Records provided below:

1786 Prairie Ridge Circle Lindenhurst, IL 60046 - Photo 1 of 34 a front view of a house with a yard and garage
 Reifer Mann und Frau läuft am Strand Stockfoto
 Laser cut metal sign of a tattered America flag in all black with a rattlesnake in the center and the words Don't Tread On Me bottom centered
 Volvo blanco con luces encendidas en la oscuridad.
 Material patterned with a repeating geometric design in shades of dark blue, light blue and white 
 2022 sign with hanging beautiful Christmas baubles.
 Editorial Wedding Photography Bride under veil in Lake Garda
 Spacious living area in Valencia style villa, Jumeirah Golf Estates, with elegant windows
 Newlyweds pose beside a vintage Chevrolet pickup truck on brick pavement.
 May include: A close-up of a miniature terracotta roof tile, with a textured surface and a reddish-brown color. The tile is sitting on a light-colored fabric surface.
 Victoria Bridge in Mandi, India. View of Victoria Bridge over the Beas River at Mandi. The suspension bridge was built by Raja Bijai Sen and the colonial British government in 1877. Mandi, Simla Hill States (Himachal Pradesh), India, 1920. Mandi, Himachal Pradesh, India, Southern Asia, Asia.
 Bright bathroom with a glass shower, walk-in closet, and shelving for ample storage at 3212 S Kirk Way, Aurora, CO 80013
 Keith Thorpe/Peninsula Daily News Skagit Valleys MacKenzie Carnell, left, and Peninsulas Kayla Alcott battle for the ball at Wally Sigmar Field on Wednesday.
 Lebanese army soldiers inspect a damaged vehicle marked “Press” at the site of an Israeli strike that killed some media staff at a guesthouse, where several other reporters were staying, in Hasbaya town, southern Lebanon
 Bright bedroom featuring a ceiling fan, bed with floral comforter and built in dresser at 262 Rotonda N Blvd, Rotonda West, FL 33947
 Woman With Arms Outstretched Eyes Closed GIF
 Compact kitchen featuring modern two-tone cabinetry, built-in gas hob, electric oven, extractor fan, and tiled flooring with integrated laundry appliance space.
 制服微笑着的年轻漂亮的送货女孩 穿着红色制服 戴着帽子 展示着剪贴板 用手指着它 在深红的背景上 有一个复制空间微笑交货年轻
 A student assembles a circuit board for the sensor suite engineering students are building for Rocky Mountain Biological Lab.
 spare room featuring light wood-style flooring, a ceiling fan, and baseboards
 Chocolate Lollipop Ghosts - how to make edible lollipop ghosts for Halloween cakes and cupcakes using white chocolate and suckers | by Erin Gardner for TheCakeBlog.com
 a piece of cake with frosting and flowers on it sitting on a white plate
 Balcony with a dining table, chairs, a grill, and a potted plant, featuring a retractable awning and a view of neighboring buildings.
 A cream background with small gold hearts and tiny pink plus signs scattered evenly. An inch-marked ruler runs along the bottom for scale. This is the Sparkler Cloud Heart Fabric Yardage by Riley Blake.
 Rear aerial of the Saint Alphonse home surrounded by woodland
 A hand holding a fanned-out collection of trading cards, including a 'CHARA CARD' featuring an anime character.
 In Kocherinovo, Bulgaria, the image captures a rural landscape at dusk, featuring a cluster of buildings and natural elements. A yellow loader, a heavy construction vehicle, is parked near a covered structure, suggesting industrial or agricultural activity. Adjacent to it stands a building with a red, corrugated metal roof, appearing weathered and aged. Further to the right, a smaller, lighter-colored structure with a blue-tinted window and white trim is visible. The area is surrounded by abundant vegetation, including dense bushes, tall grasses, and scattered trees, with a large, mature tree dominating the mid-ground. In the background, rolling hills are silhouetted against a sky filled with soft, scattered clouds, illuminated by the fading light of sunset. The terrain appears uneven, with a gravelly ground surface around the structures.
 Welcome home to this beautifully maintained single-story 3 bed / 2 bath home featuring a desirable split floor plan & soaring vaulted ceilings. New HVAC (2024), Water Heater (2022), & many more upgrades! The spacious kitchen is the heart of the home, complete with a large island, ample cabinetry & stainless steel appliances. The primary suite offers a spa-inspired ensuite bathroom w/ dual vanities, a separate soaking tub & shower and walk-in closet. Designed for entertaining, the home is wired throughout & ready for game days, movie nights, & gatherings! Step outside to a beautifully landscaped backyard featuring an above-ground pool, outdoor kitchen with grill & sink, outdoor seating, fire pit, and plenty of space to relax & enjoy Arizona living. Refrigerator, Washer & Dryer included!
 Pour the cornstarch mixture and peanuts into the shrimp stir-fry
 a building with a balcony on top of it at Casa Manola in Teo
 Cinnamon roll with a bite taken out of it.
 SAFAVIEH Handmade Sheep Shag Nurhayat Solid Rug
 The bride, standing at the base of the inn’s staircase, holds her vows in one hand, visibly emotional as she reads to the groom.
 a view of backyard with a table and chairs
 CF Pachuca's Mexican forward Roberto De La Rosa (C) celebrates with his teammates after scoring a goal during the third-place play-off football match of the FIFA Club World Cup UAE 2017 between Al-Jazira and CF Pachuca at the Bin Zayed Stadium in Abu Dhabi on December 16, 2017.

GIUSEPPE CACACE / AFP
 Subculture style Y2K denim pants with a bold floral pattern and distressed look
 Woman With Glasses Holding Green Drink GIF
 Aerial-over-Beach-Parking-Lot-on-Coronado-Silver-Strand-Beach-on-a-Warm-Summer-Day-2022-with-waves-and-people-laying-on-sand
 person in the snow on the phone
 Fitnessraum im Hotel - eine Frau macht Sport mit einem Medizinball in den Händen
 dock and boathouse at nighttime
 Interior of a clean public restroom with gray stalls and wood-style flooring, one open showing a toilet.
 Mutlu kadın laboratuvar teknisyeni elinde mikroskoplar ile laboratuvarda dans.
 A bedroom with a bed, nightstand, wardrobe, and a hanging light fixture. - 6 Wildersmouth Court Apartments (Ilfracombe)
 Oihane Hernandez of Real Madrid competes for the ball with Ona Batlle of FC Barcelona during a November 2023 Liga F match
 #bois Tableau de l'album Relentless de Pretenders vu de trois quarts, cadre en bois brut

End of Records provided.

*Task item*
Using the records above, copy every line that has the word "Strand" in it.

*Written response*
 Reifer Mann und Frau läuft am Strand Stockfoto
 Aerial-over-Beach-Parking-Lot-on-Coronado-Silver-Strand-Beach-on-a-Warm-Summer-Day-2022-with-waves-and-people-laying-on-sand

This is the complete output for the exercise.